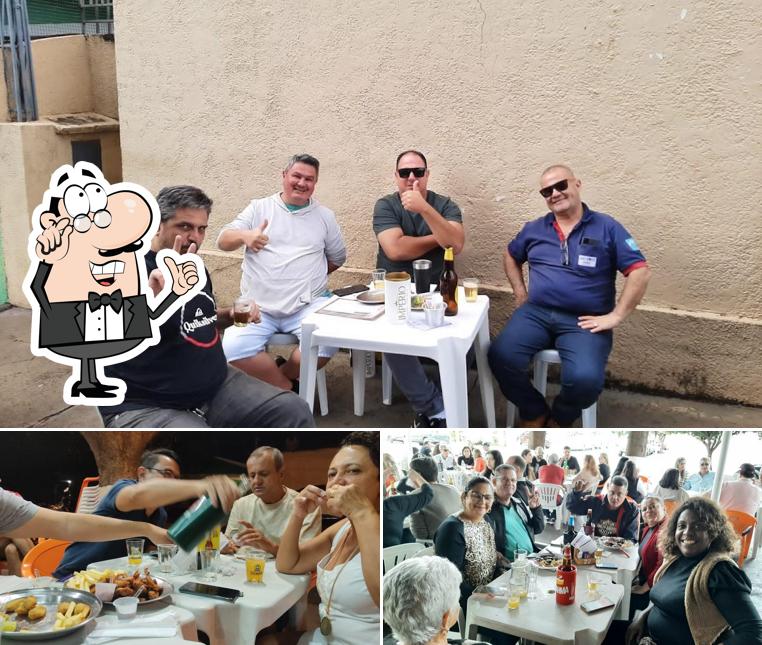 O interior do Fidélis Bar da Sombra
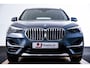 BMW X1 sDrive20i xLine - Trekhaak - Panoramadak - Elektrisch verstelbare/verwarmde stoelen - Head up - Elektrische achterklep - Cruise control - Sportstoelen - Stuurwielrand verwarmd - Navigatiesysteem Plus -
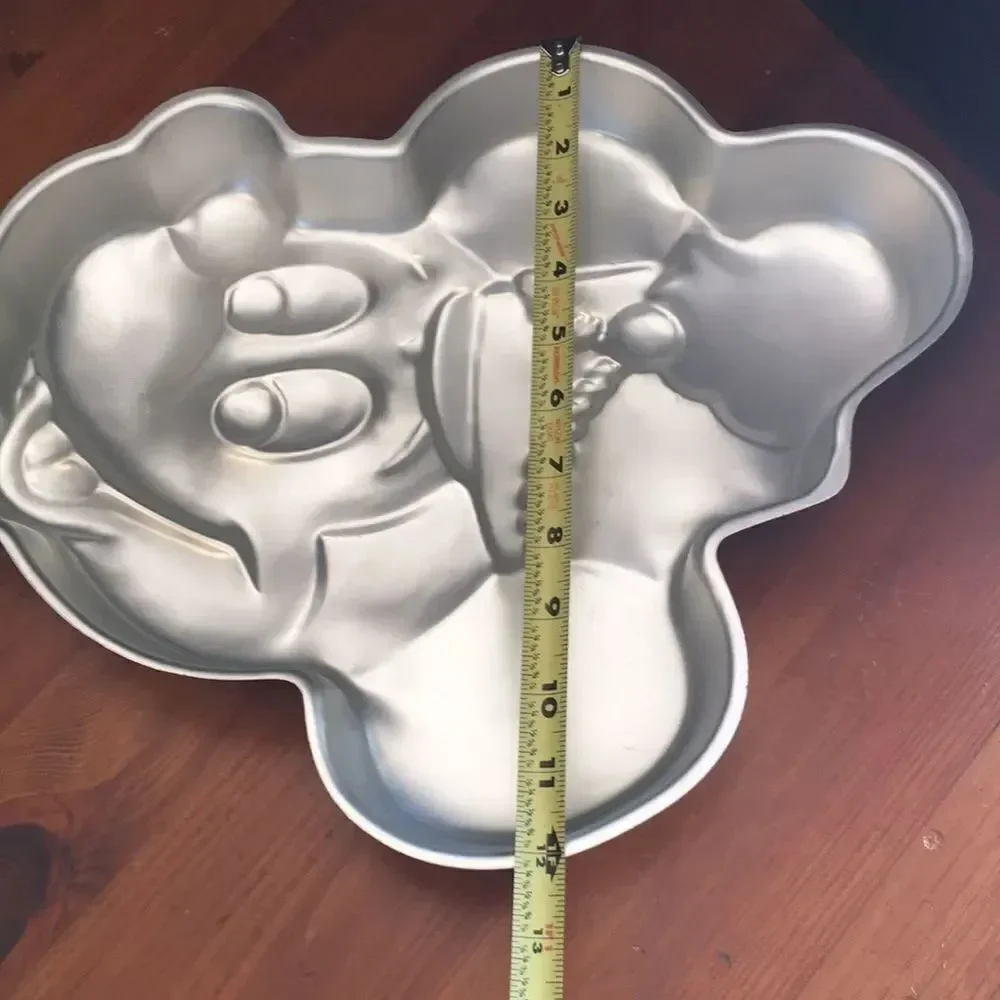 Wilton Vintage Mickey Mouse Band Cake Pan 515-302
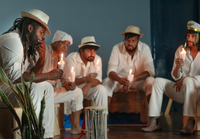 Espetáculo “A besta fera dos cabelo negro” chega à Funarte MG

**Your goal**
Copy out all the data above exactly, pictures excluded.

**Task output**
 O interior do Fidélis Bar da Sombra
 BMW X1 sDrive20i xLine - Trekhaak - Panoramadak - Elektrisch verstelbare/verwarmde stoelen - Head up - Elektrische achterklep - Cruise control - Sportstoelen - Stuurwielrand verwarmd - Navigatiesysteem Plus -
 Wilton Vintage Mickey Mouse Band Cake Pan 515-302
 Espetáculo “A besta fera dos cabelo negro” chega à Funarte MG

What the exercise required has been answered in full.